Após amargar mais um ano com queda na produção e nos principais indicadores do setor a siderurgia faz a sua analise e projeta um futuro com mais negócios e com crescimento sustentado.
Henrique Pátria
Segundo palavras de Marco Polo de Mello Lopes, presidente executivo do Instituto Aço Brasil, as novas medidas anunciadas pelo governo visando a retomada do desenvolvimento econômico do país são o combustível esperado pela siderurgia nacional, para incrementar em 2020 a redução da ociosidade, aumento da produção e vendas de produtos siderúrgicos.
Apesar de ter uma capacidade instalada de 51,5 milhões de toneladas de aço bruto, em 2019 foram produzidos pouco mais de 32 milhões que representam em torno de 60% da capacidade com ociosidade de 40%.
A atividade siderúrgica está intimamente ligada ao crescimento econômico do nosso país, pois o consumo interno é fundamental. Mesmo com todos os esforços de exportação por parte das usinas aqui instaladas, os resultados deixam a desejar, pois todo este esforço tem esbarrado cada vez mais nas barreiras comerciais que foram criadas em todos os continentes após os EUA imporem restrições e sobretaxarem suas importações de aço e no excedente mundial que tratamos mais abaixo.
Dados oficiais apontaram para um recuo no consumo aparente em 2019 de 2,7%, o que piorou ainda mais o quadro de consumo per capita também divulgado pelo próprio Instituto, que mostra que no Brasil em 2019, foram consumidos somente 98,1 Kg por habitante, contra 224,5 Kg/habitante que é a média mundial. E se compararmos com alguns países em separado veremos que no Chile o consumo é de 150,6 kg/habitante, no México 194,4 kg/habitante e na Coréia do Sul de 1.047,2 kg/habitante. Portanto estamos distantes do ideal.
Consumo aparente é o total da produção adicionada as importações e subtraída as exportações.

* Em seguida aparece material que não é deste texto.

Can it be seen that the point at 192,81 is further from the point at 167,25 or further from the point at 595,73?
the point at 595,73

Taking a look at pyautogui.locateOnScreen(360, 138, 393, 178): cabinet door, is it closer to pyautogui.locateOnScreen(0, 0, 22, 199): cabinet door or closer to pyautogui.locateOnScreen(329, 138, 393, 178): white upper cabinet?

Ainda sobre 2019, a produção de aço bruto recuou 9%, passando de 35.407 milhões de toneladas em 2018, para 32.236 milhões de toneladas em 2019. Segundo Lopes, alguns fatores impactaram negativamente no ano passado, como o baixo crescimento do desenvolvimento econômico do país, a não retomada de obras paradas e o baixo nível de investimentos em novos empreendimentos. Lembrou ainda que o acidente de Brumadinho no começo do ano e os impactos negativos causados, além de lamentar as vidas perdidas, foram decisivos para o mau desempenho do setor.
A produção de laminados em 2019 foi de 22,2 milhões de toneladas, representando queda de 6,3% em relação ao ano anterior. E a produção de semiacabados para vendas totalizou 8,8 milhões de toneladas em 2019, com uma retração de 10,9% frente ao registrado em 2018.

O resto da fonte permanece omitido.